The Venezuelan people have enough to contend with — desperate hunger, massive inflation, a dictator who refuses to leave power — without the spread of long-eradicated disease, but this weekend, the Pan-American Health Organization revealed that a Venezuelan child has been diagnosed with one of the only recorded cases of polio in decades.

The child, who lives in the “extremely impoverished” state of Delta Amacuro, Venezuela, was not vaccinated against the deadly disease and has likely received no medical care or treatment in his entire life.

The last case of polio in Venezuela was recorded in 1989.

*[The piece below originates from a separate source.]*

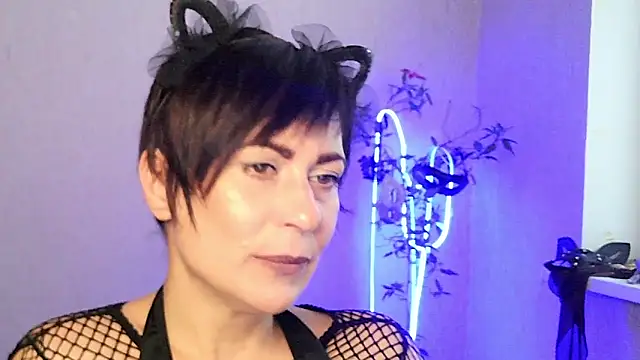 Ashley Brookss online show from 11.29.25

Health officials were especially angry about the case because, it seems, Nicolas Maduro’s socialist government waited more than a month to let authorities know they’d discovered a case of polio — more than enough time for the disease to spread among impoverished children, and more than enough time for travelers and refugees who came in contact with the disease to spread it beyond Venezuela’s borders.

Maduro’s government will not approve money for vaccines or basic medical care through their public health system, so only around 67% of Venezuelan children have been vaccinated against polio. Additionally, 90% of “necessary medications and vaccines” have disappeared from pharmacy shelves, the Telegraph reports.

“The government is not approving the money for the vaccines,” said Manuela Bolivar, one of Venezuela’s opposition leaders. “This situation is unfortunate but we saw it coming, because we’ve been denouncing for years that there are not enough vaccines.”

And polio isn’t even the only long-eradicated disease to surface in the socialist country: Venezuela has reported more than 1500 cases of the measles, several hundred cases of tuberculosis, and instances of diphtheria, yellow fever, typhoid, and malaria. The country accounts for the vast majority — 85% — of all reported measles cases in South America.

Polio is an extremely rare and deadly disease spread, typically, through water contaminated with fecal matter. One in one hundred who suffer from it will have permanent paralysis and there is no cure. In most of the developed world, polio hasn’t been seen in decades, and the World Health Organization reports that there have been only ten cases globally in the last several years, most in very rural, very poor areas of Afghanistan and Pakistan.